Two U.S. senators have asked the inspector general of the Health and Human Services Department to investigate a practice by pharmacy-benefit managers known as spread pricing, as part of a wider inquiry by lawmakers into U.S. drug costs.
Ron Wyden of Oregon, the ranking Democrat on the Senate Finance Committee, said that he and Chairman Chuck Grassley of Iowa have requested the inspector general, which examines the operations of government health programs, to probe the issue. Under spread-pricing arrangements, PBMs charge one amount to health plans for a drug, then reimburse pharmacies a different, often lower amount — and capture the spread in between.
“PBMs are paying one set price to pharmacies for a particular drug, but they’re turning around and charging Medicaid and other health-care payers far more for that same prescription,” Wyden said in his opening remarks at a hearing Tuesday. “If there are changes that can be made to clamp down on this exploitation of Medicaid, I hope the committee will consider it. In my view, it’s as clear a middleman ripoff as you’re going to find.”
Executives from five PBMs — including CVS Health Corp., UnitedHealth Group Inc.’s OptumRx unit and Express Scripts parent Cigna Corp. — are testifying in front of the Finance Committee as part of the panel’s series of hearings on drug costs. The session follows a February hearing with executives at seven big pharmaceutical companies, who attempted to put much of the blame for high drug prices on PBMs.
Despite Congress’s scrutiny, both drugmakers and PBMs have gone more or less unscathed so far, and made the case that other health-care players were at fault.
Investors seemed to take the hearing in stride, and shares of the three largest pharmacy-benefit managers trading above their lowest points of the session. Cigna gained 2 percent to $170.71 at 11:37 a.m, while UnitedHealth was up about 0.2 percent to $249.15. CVS shares were down 0.1 percent.
At the hearing, the PBM executives said their companies play a crucial role in holding down drug costs, negotiating millions of dollars in savings for their clients.
Bloomberg News has previously reported that PBMs have taken large markups in Medicaid plans. For many commonly prescribed generic medications, state insurance plans are paying millions in fees to PBMs, Bloomberg’s analysis found. PBMs have said that spread pricing helps stabilize drug costs, and that their clients enter into the arrangements freely.
As the hearing began on Tuesday, CareSource, a nonprofit that runs government-sponsored health plans in five states, said it would have Express Scripts administer member drug benefits beginning in 2020, instead of CVS’s Caremark division. The change will affect prescription coverage for almost two million people.

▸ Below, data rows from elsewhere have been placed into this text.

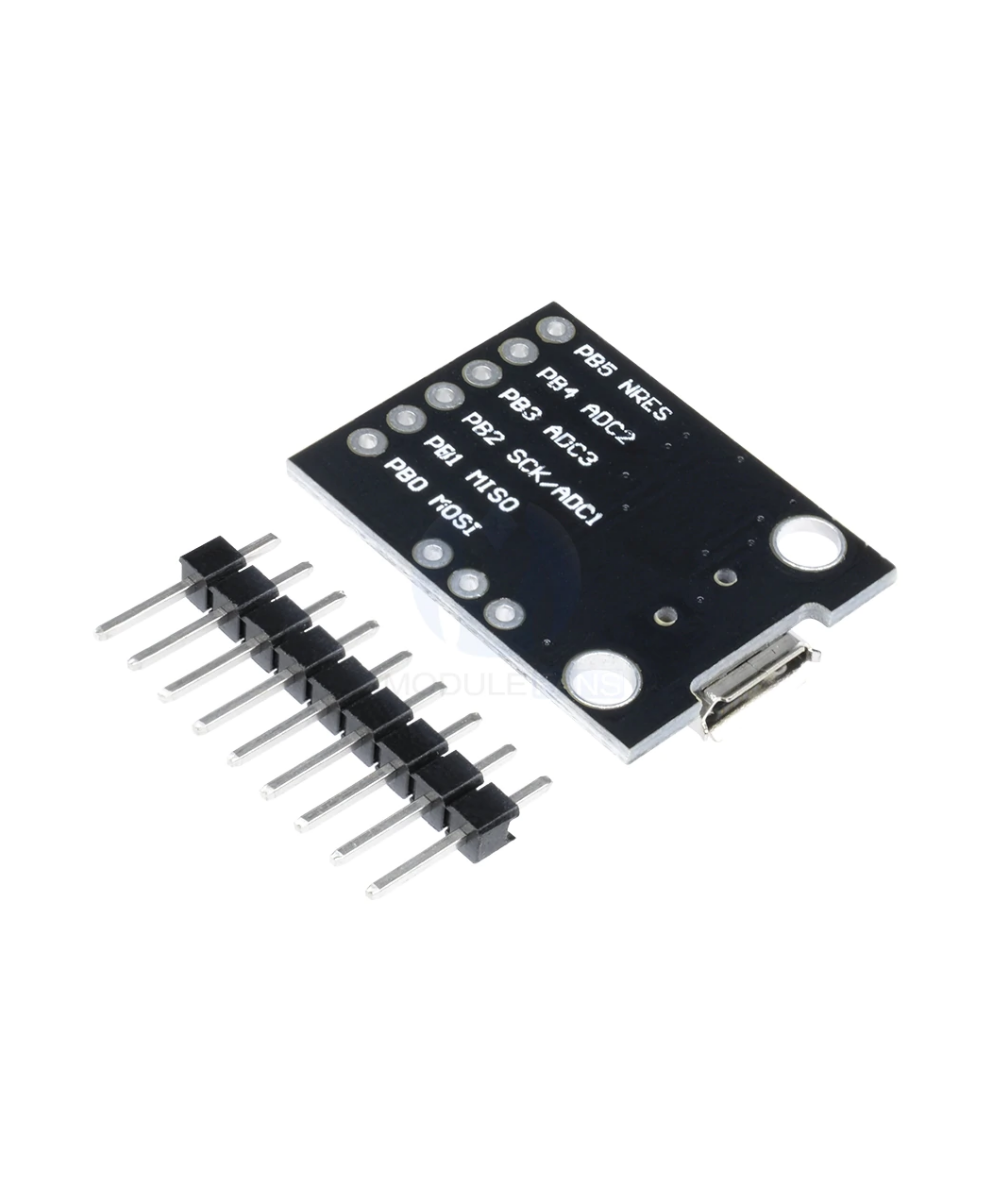 Tarjeta de desarrollo Mini Attiny 85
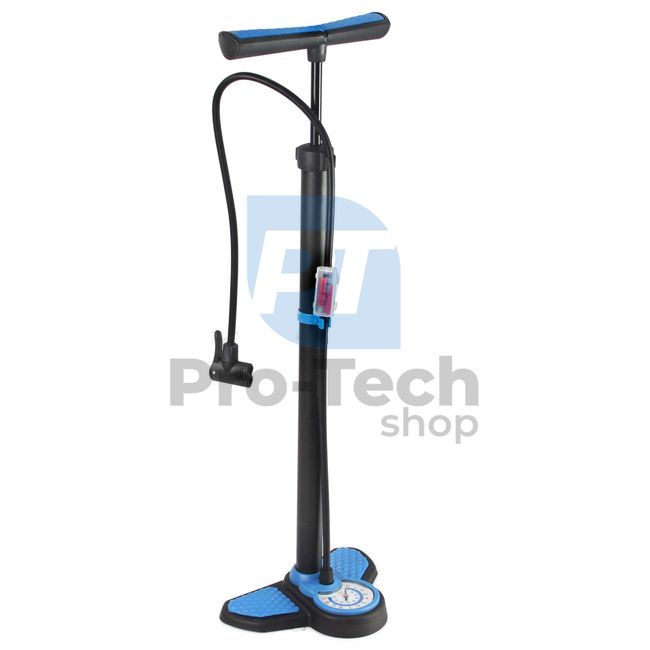 Hand pump with pressure gauge 15650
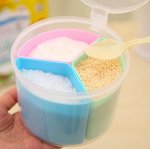 Банка-разделитель для сыпучих продуктов
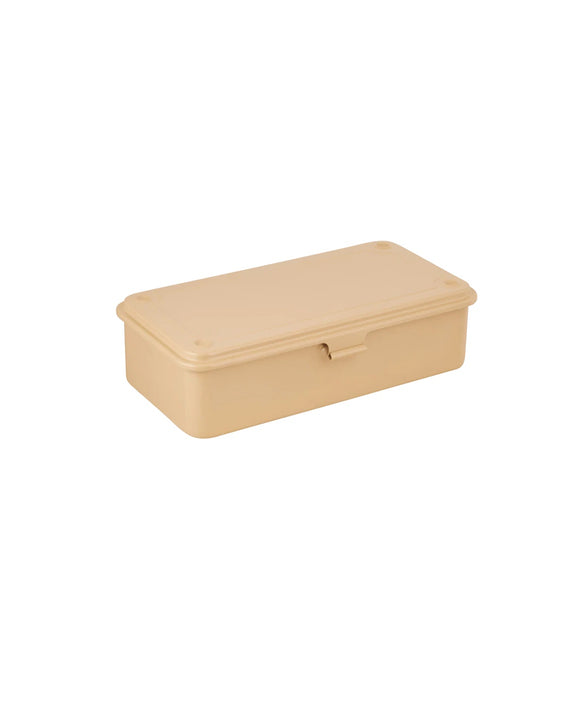 Toyo - Trunk Shape Steel Stackable Toolbox T-190 - Beige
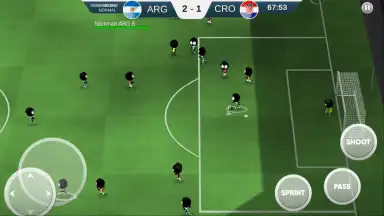 Stickman Soccer 2018 screenshot 3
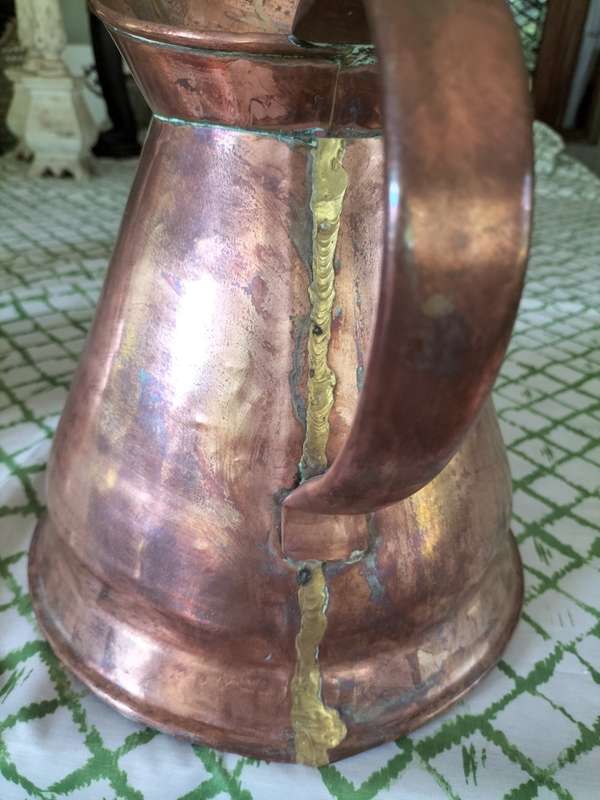 De Klerk Copper Pitcher - 1 Gallon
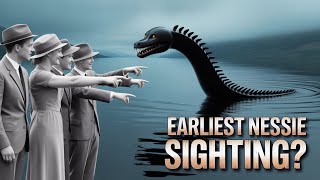 Loch Ness Sighting The Evidence You Didnt Expect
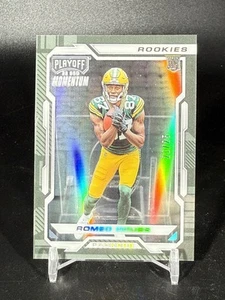 2022 Chronicles Playoff /25 Romeo Doubs Momentum Rookie RC #PMR-31 Packers - Foto 1 di 2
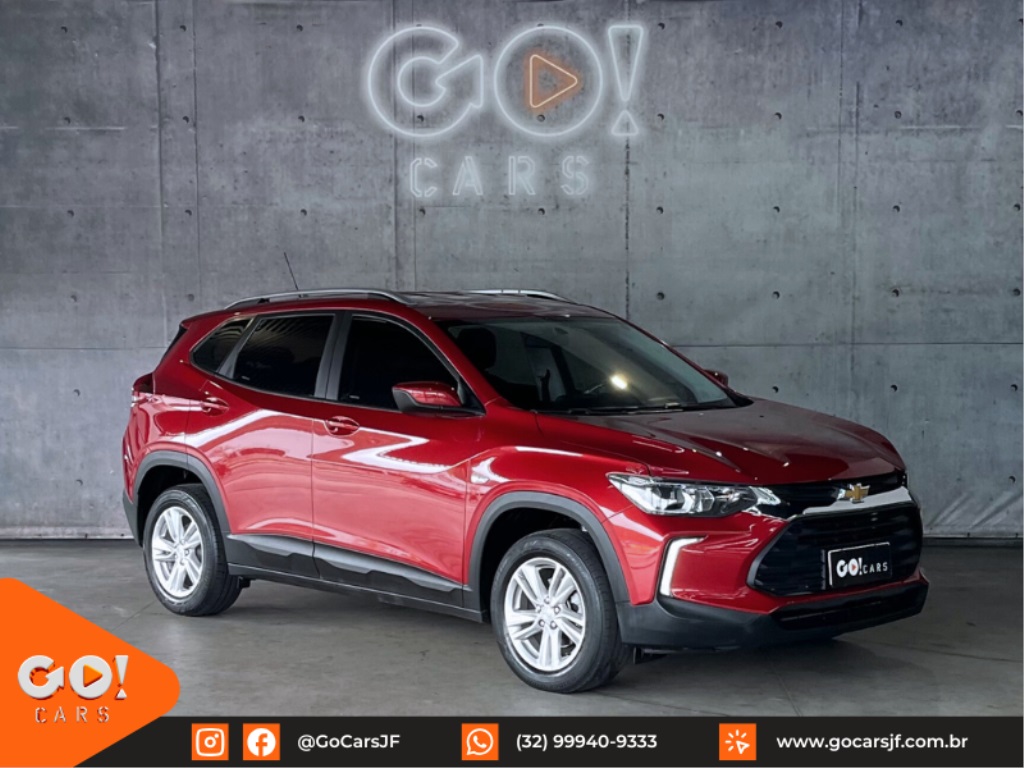 CHEVROLET TRACKER 1.0 TURBO FLEX LT AUTOMÁTICO 2021
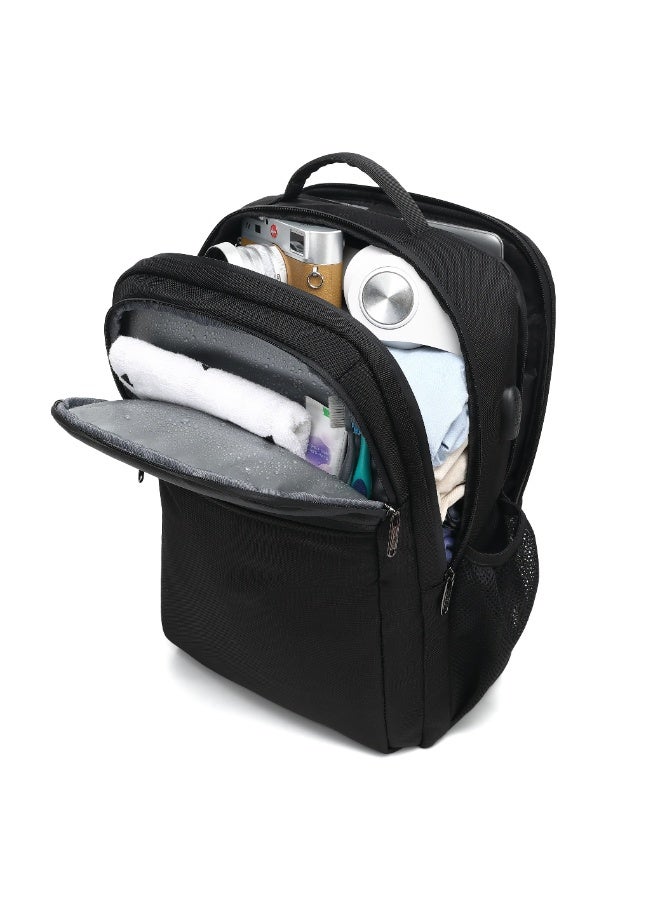 Coolbell Black Laptop Backpack 15″ Inch CB-8301 - Image 2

Several of the states where CareSource operates have scrutinized spread pricing in Medicaid, where CVS runs many of the drug benefits for the plans.
“We believe the current PBM model has significant room for improvement,” said Erhardt Preitauer, chief executive officer of CareSource. “CareSource saw an opportunity to reinvent the model with a focus on transparency.”
CVS didn’t immediately respond to requests for comment about the change.